At my job now, I don’t work overtime, I sometimes sneak away early, and at least one day a week I’m able to sit down for some creative work time (usually answering emails or working on the publication prep for MFA Thesis Novel).

My problem, though, is that the responsibilities I have there still feel like too much.

I would have KILLED for a Day Job like like one ten years ago, and even five years ago it would have suited my needs pretty well.  Now, though, between the Day Job and everything else, it really does feel like I have too much on my plate, and that I’m scattered in too many directions.  I find it difficult to work on everything, and often cut corners with my reading, keeping in touch with family and friends, and oh yeah, working on my new novel draft.

Even though I enjoy my Day Job greatly, every day now I feel frustrated and behind because I can’t do the other things I want to do.  And that frustration is starting to outweigh the satisfaction I get from teaching (d’oh!).

In weighing the Pros and Cons of my current Day Job, the list looks like this:

Pros
  • Decent salary
  • Paid holidays
  • Good work experience
  • Mental stimulation
  • Fun and enjoyment of teaching
  • Get to live in a cool Japanese city
Cons

The cons list is obviously wayyyyyyyy shorter, but the time and energy I spend at my Day Job is time that I could be devoting toward writing the new novel, marketing efforts for MFA Thesis Novel, and developing other things I want to be moving forward with.

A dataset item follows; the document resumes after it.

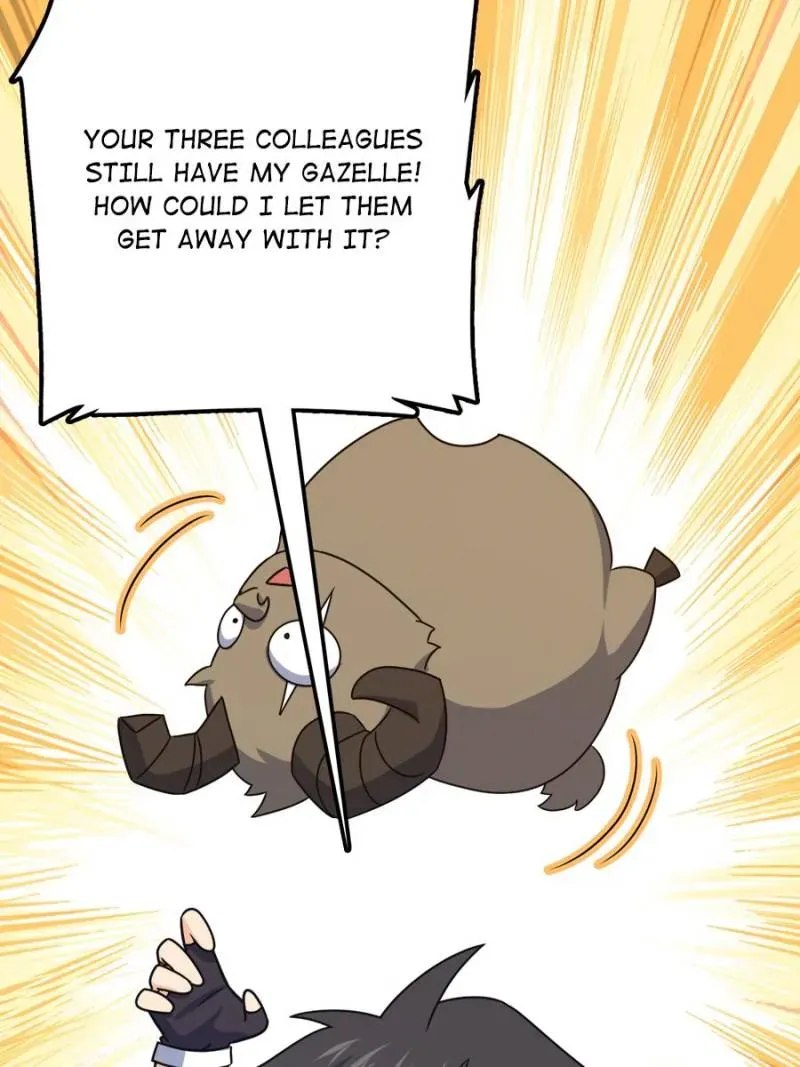 Spare Me, Great Lord! Chapter 732 page 74 -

Back in 2019 and 2020 I kept whiteboards in my closet where I tracked the different aspects of my life and how I was doing in each of them—things like Writing, Social Life, Money, Health and Fitness, etc. Though this system eventually grew too complex and I gave it up, it helped me think a lot about balancing all the things in life you want to do so that one or two aspects don’t overwhelm the rest.

And right now, it feels like my Day Job is doing exactly that.

 

Moving Forward: The Big Step

All of this ties into my post from a few weeks back about relying on a Day Job for mental stability, and how moving past that has been a major obstacle for me.  I have what to me feels like a LOT of money saved up now (nearly $50,000!), and that’s money I can use to transition into a way of life that’s more centered around writing and creative work and less around Day Jobs that are only related tangentially to what I really want to be doing.

I definitely have the money to make the transition, and I’m pretty sure I’ve developed enough confidence in my working habits, achievements, and goals so that I don’t need a Day Job as a cover story to convince people I’m not a bum anymore.  The one thing that’s really holding me back is my Day Job work contract, which ends on January 29th.

After that, I’m free.  My plan is to come back to the States, hole up for a while, devote the majority of my energy to creative work, be ready for when MFA Thesis Novel comes out in April, and finish the fuck out of this new novel manuscript.

While my Day Job contract ends January 29th, there’s not much work to do for the last few weeks, and my regular work schedule will actually end on December 23rd—three weeks and three days after this post goes live.  That’s going to be a hell of a Christmas present.

 

Final Thoughts

Back in 2018 I wrote about how I picked up an extra week at my old online test-grading job just because the opportunity came up. At the time I was too busy, didn’t really need the money, and had other things to focus on, and the experience sucked hard.  It did teach me, though, that I didn’t need that stupid test-grading job anymore and was ready to move on with no regrets.

Maybe that’s what this Day Job has taught me too, that I’m at a point in my life where I don’t need Day Jobs anymore, that my editing work is moving toward a place where it can sustain me, that I’m finally ready to devote the majority of my time to a writing career.  Before this I wasn’t sure, but now I am.

So in that sense, even though I haven’t done any novel drafting this month, I’ve been taking steps to ensure that I’ll be able to do a lot more in the future by laying the foundation for a more solid writing schedule.  Some people might call that a writing cop-out (and fuck them), but to me, it feels like progress.

That’s because I’ve got my eye on the bigger picture.